I first tried a regex but that got hairy fast. So I picked up Scrapy that I've used before. That got me reacquainted with Xpath selectors. The syntax is about as readable as regexes but it's very powerful.

:::python
import os
from scrapy.selector import Selector


def keep(text):
    result = True

    if "[" in text:
        result = False

    if "]" in text:
        result = False

    if len(text) == 0:
        result = False

    return result


for i in range(1, 664):
    input = f"./data/raw_{i}.html"
    output = f"./data/raw_{i}.txt"

    items = []
    if not os.path.exists(output):
        data = open(input).read()
        xpath = "//h4[text()='Ira Glass']/following-sibling::*//descendant-or-self::*//text()"
        items.extend(Selector(text=data).xpath(xpath).extract())

        items = [i for i in items if keep(i)]
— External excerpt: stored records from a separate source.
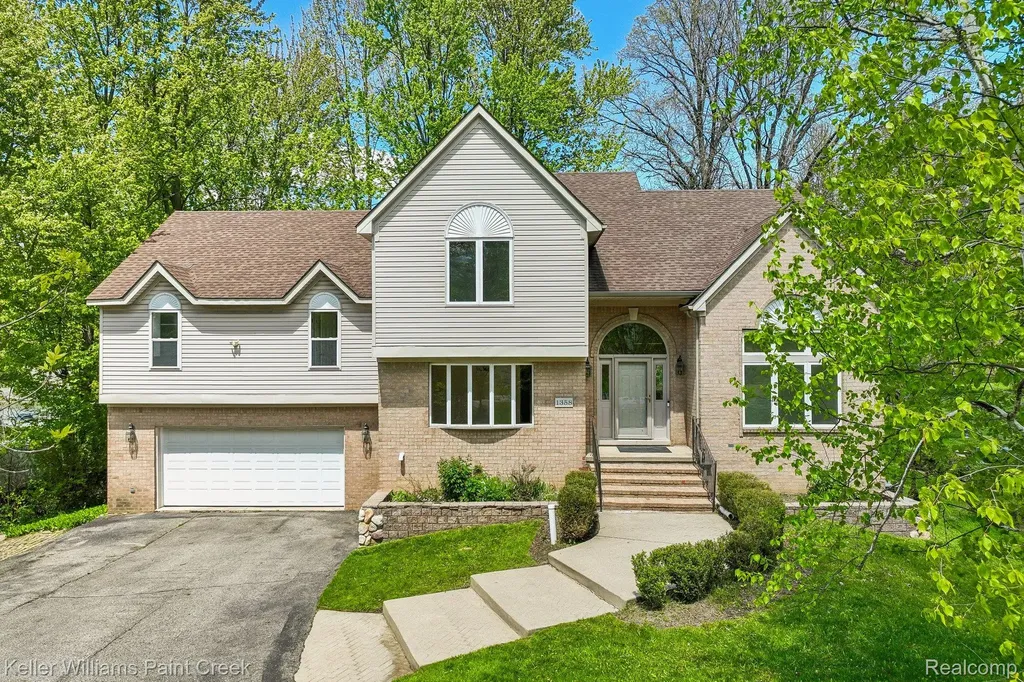 1358 Potomac Drive Rochester Hills City MI 48306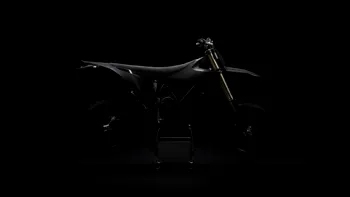 Motocicleta electrică de numai 123 kg și peste 80 CP vine într-o serie de 500 de exemplare. Titanul face diferența la Stark VARG SM Sköll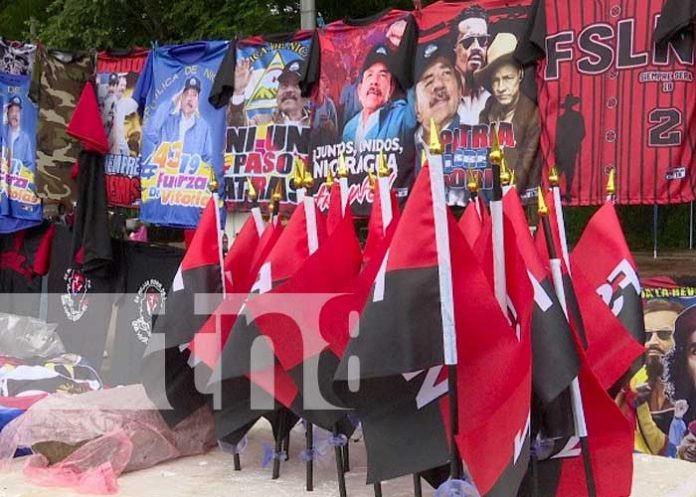 Comerciantes listos con artículos alusivos a la celebración del 19 de julio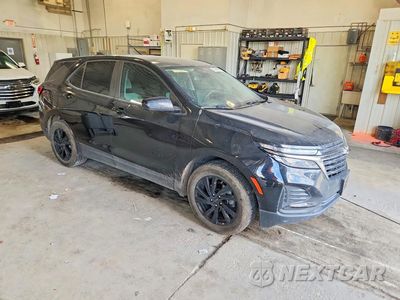 Czwarte zdjęcie samochodu z boku: 2023 CHEVROLET EQUINOX LS VIN:3GNAXHEG6PL126789 - miniatura
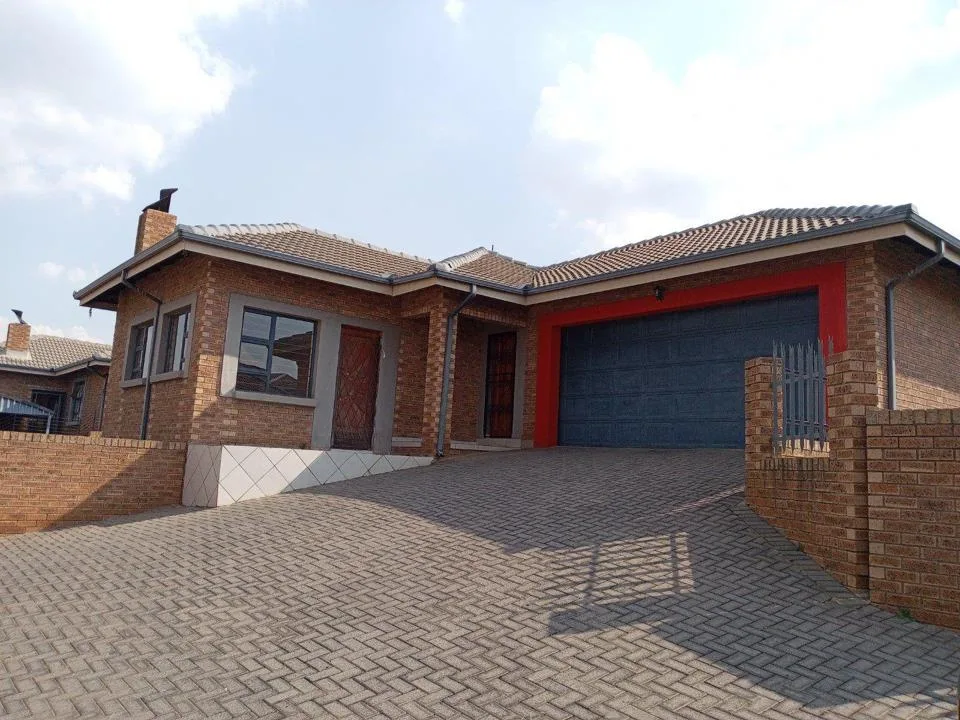 3 Bedroom Townhouse to rent in Model Park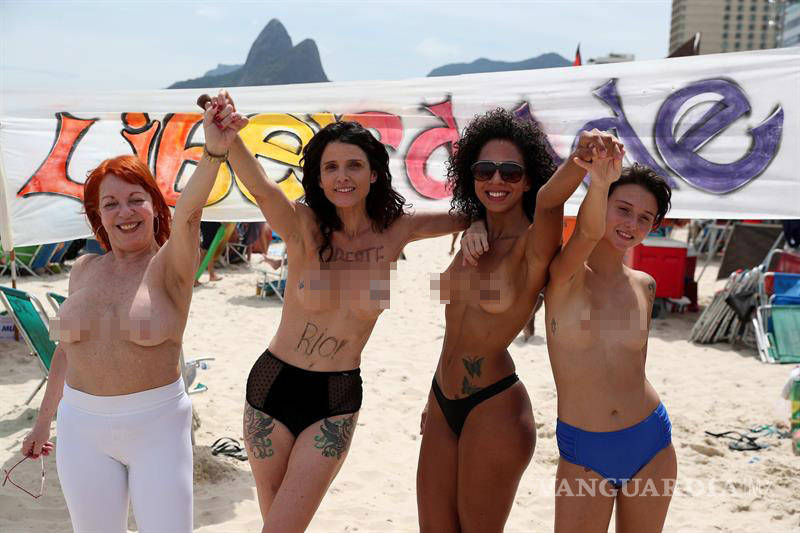 $!Mujeres en toples protestan en Río de Janeiro contra la censura en el arte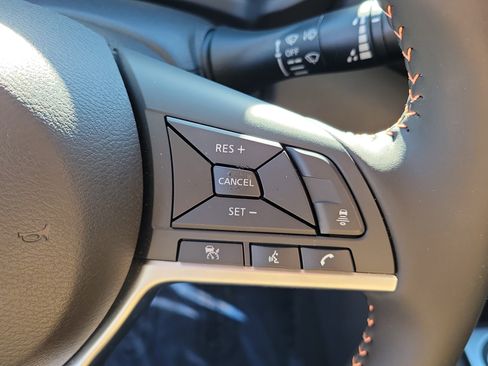 Certified 2025 Nissan Sentra SR image 26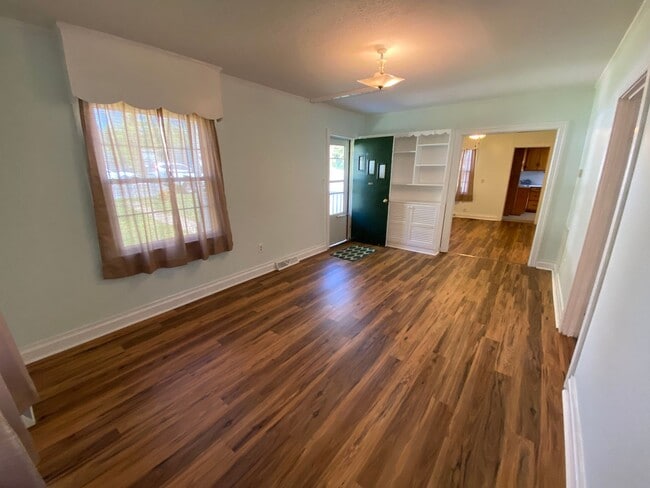 Photo - Beautiful 2 bed 1 bath in the heart of Alt...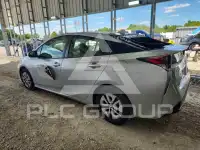 2018 Toyota PRIUS фото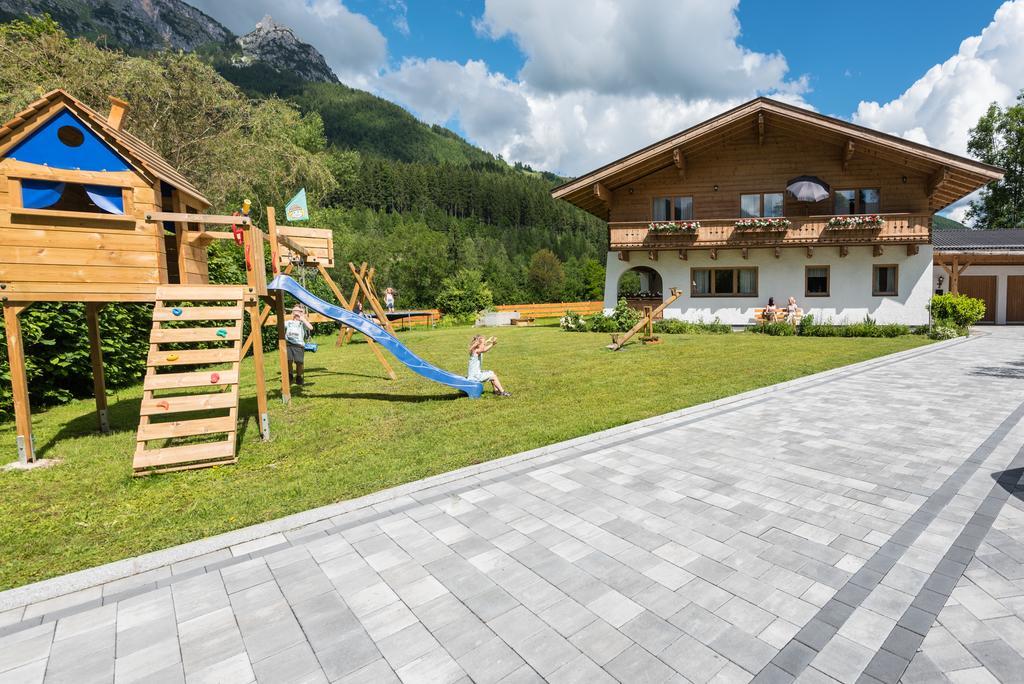 Haus Alpenblick Lofer Apartment Exterior photo
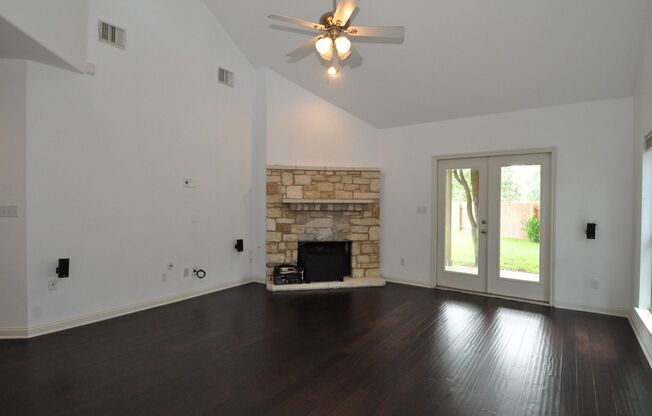 Beautiful Spacious Home FOR LEASE!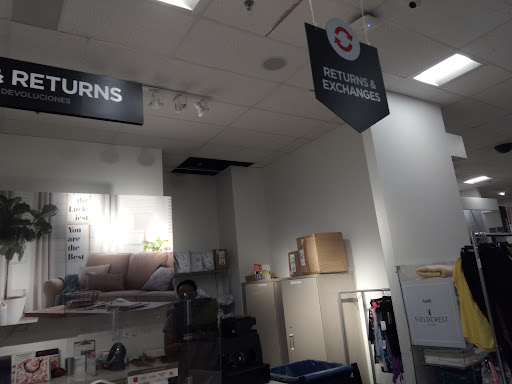 Cosmetics Store «SEPHORA inside JCPenney», reviews and photos, 31510 Gratiot Ave, Roseville, MI 48066, USA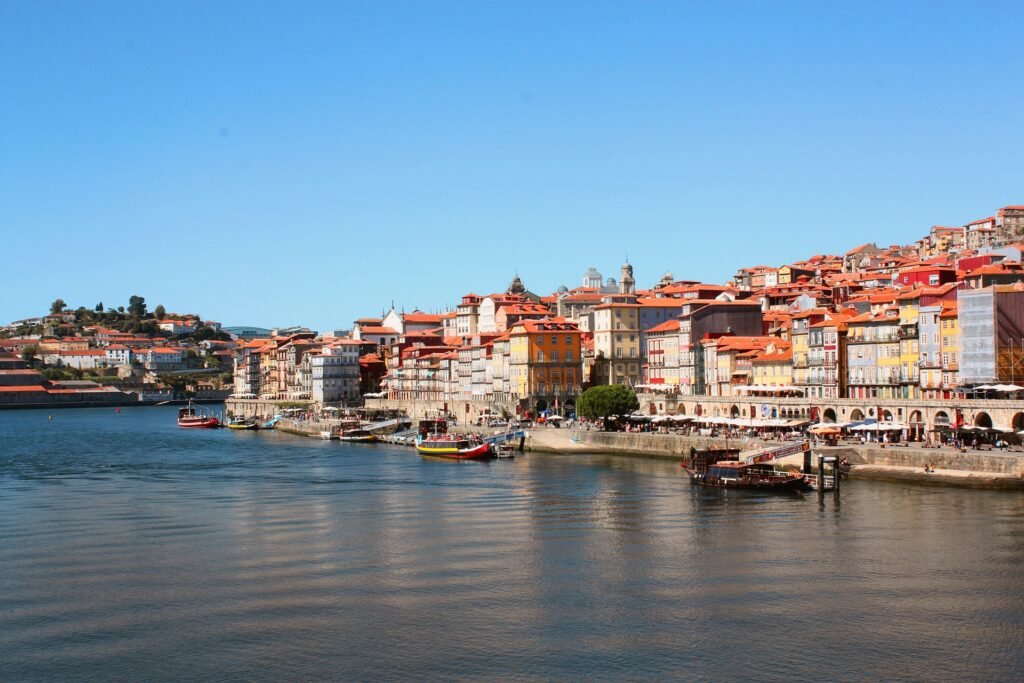 Oporto junto al río Duero de día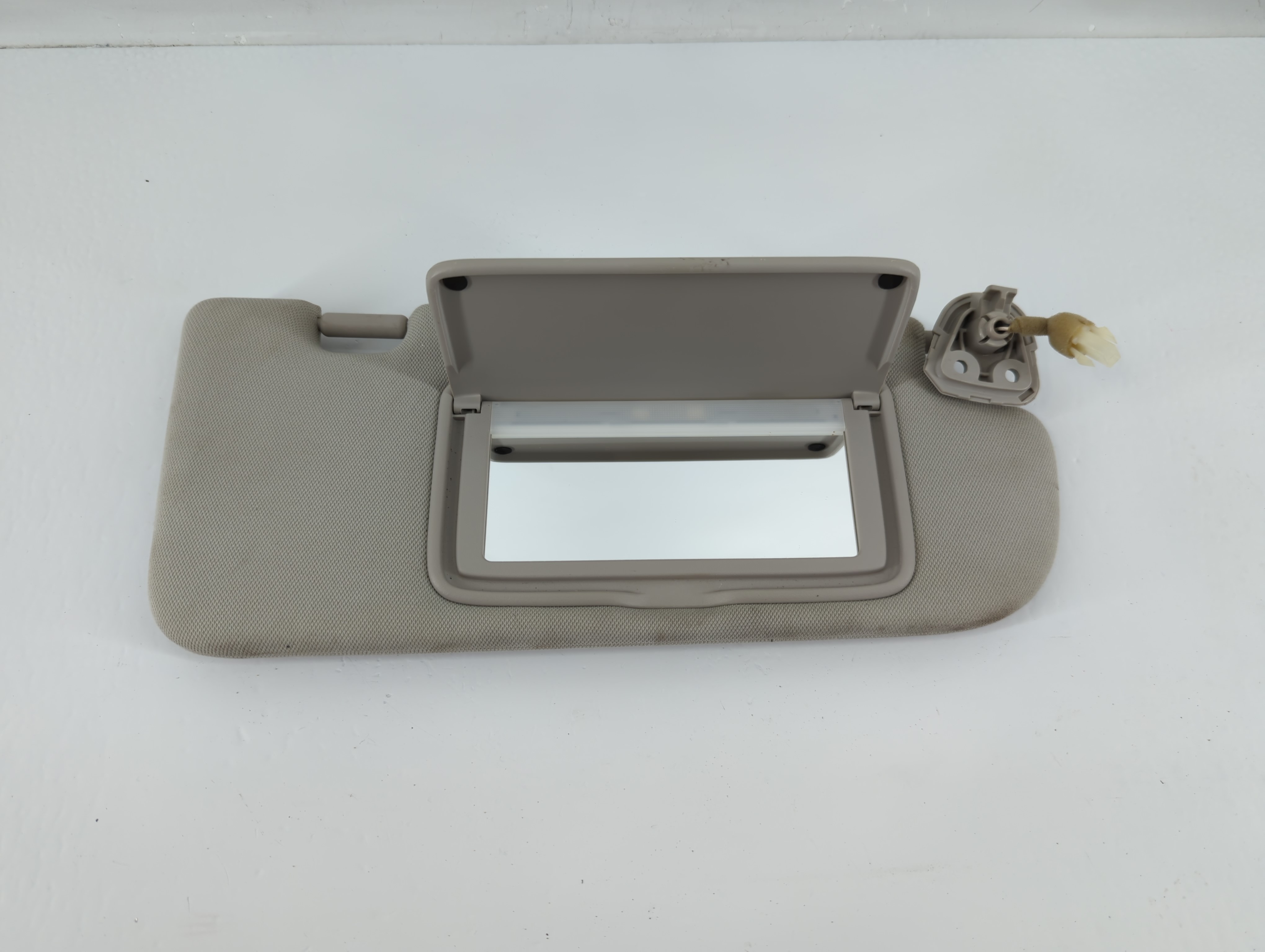 2014-2020 Infiniti Q50 Passenger Sun Visor Mirror Right Sunvisor Grey 1131649 - Oemusedautoparts1.com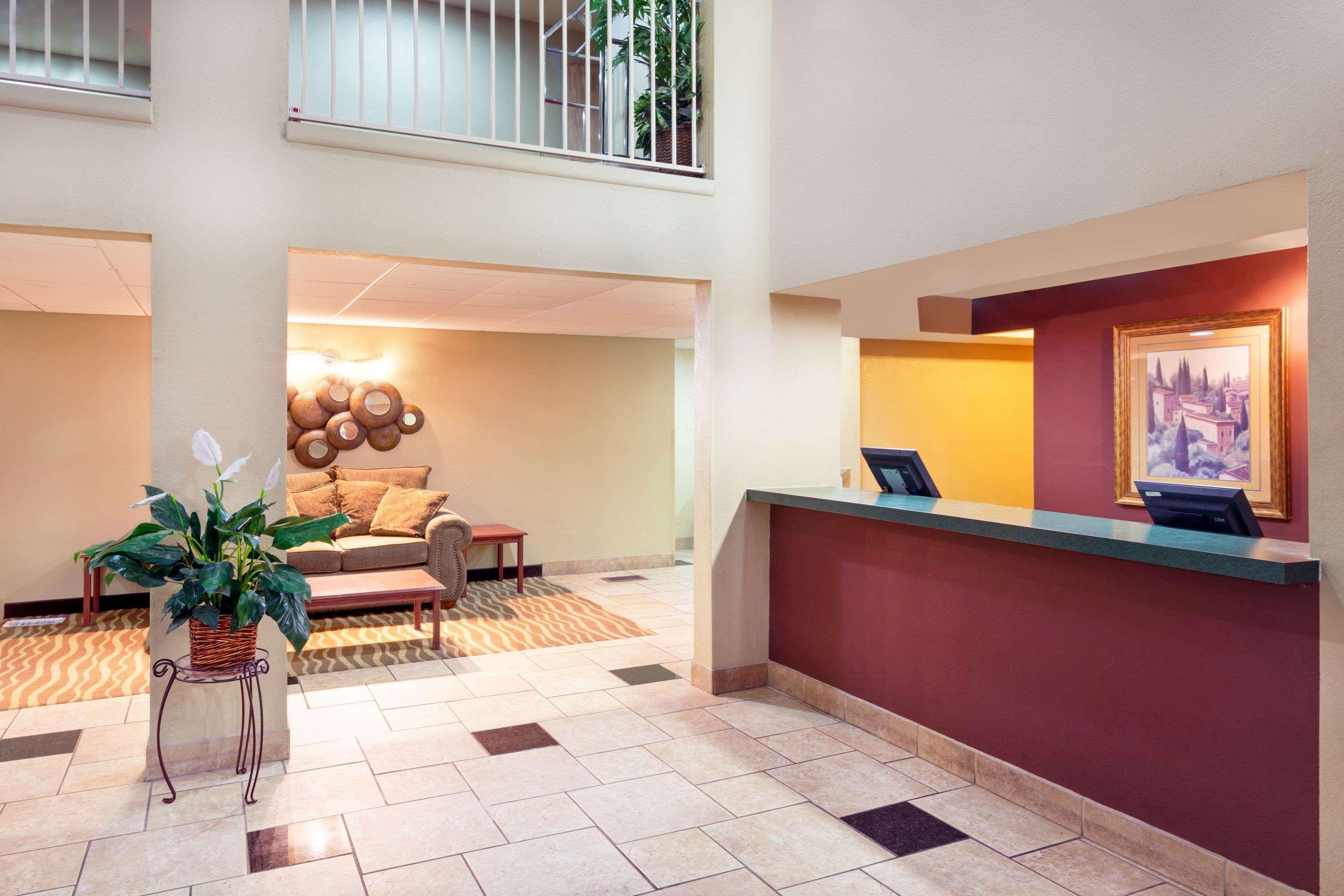 Super 8 By Wyndham Chandler Phoenix Buitenkant foto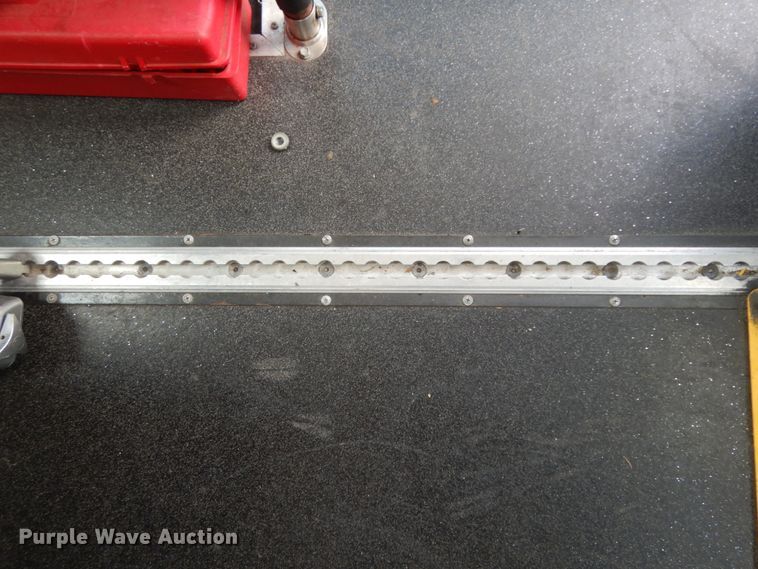 image for item DM6310 2009 Ford E350 Super Duty  shuttle bus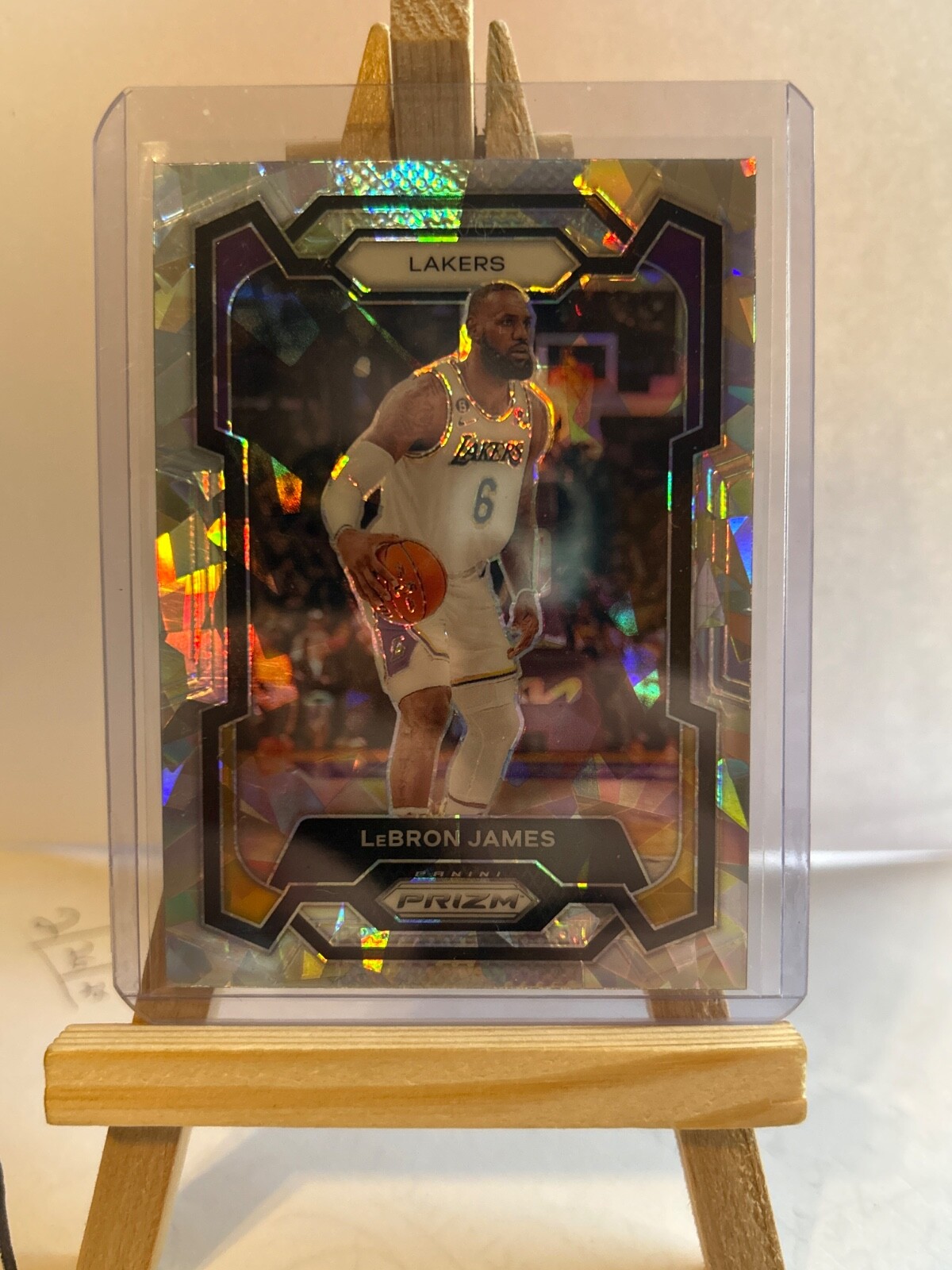 2023-24 PANINI PRIZM LEBRON JAMES #63 SILVER CRACKED ICE PRIZM SP LAKERS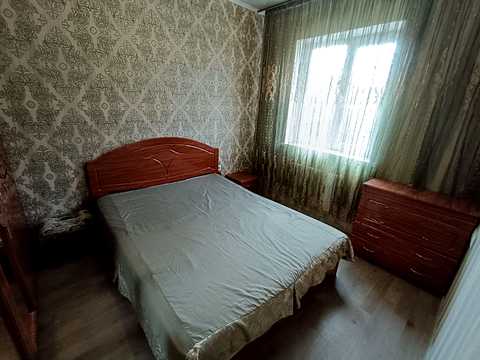 будинок за адресою Центральна вул.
        text = " ".join(items)

        fh = open(output, "w")
        fh.write(text)
        print(output)

Generated 100000 text snippets

Here I used pydodo, a Markov text generator that I wrote ages ago.

:::python
from pydodo import EnglishMarkov
import time
import os

outputfolder = "./generated"


def get_start_number(folder):
    ls = os.listdir(folder)
    try:
        result = max([int(item.split(".")[0]) for item in ls]) + 1
    except ValueError:
        result = 0
    return result


def get_model(input):
    mm = EnglishMarkov()
    mm.construct(open(input))
    mm = mm.remove_pines()
    return mm


def generate(model, n, start_number, folder):
    t1 = time.time()
    count = 0
    while count < n:
        # Generate a sentence
        sent = model.generate_sentence()
        # Only hang on to it if it's longer then 90 characters.
        if len(sent) > 90:

            fn = os.path.join(folder, f"{start_number + count}.txt")
            fh = open(fn, "w")
            fh.write(sent)
            fh.close()
            count += 1
            print(f"{count} / {n}")
    t2 = time.time()

    print(n / (t2 - t1))


model = get_model("./data/all_data.txt")
generate(model, 100000, get_start_number("./generated"), "./generated")

The front end

The front end is all static HTML/CSS with at dash of JavaScript to load in new text snippets. The loadRandomUrl function picks a random number in the range 1 - 100000, fetches the corresponding text snippet and inserts it on the page.

:::javascript
reload = function(url, number, reloadbuttontext){
    placeholder = document.getElementById("placeholder");
    reloadbutton = document.getElementById("reloadbutton");
    placeholder.classList.add("loading");

    buttontexts = ["More!", "Go!", "Deeper!", "Into!", "The!", "Abyss!"];
    index = buttontexts.indexOf(reloadbutton.textContent);
    if (index == -1) {
    newbuttontext = buttontexts[1];
    } else {
    newbuttontext = buttontexts[(index + 1) % buttontexts.length];
    }

    fetch(url)
    .then(function(response) {
        return response.text();
    }).then(function(text){
        placeholder.textContent = text;
        if (reloadbuttontext) {
        reloadbutton.textContent = newbuttontext;
        }

        placeholder.classList.remove("loading");        
    });
}


randomUrl = function(number){
    return 'https://mirrorglass.oivvio.com/script_to_track/'+ number + '.txt';
}

randomNumber = function(){
    max = 100000;
    return Math.floor(Math.random() * Math.floor(max)) + 1;
};

loadRandomUrl = function(reloadbuttontext=true){
    newUrl = randomUrl(randomNumber());
    reload(newUrl, randomNumber, reloadbuttontext);
}

window.onload = function(){
    loadRandomUrl(false);
}
\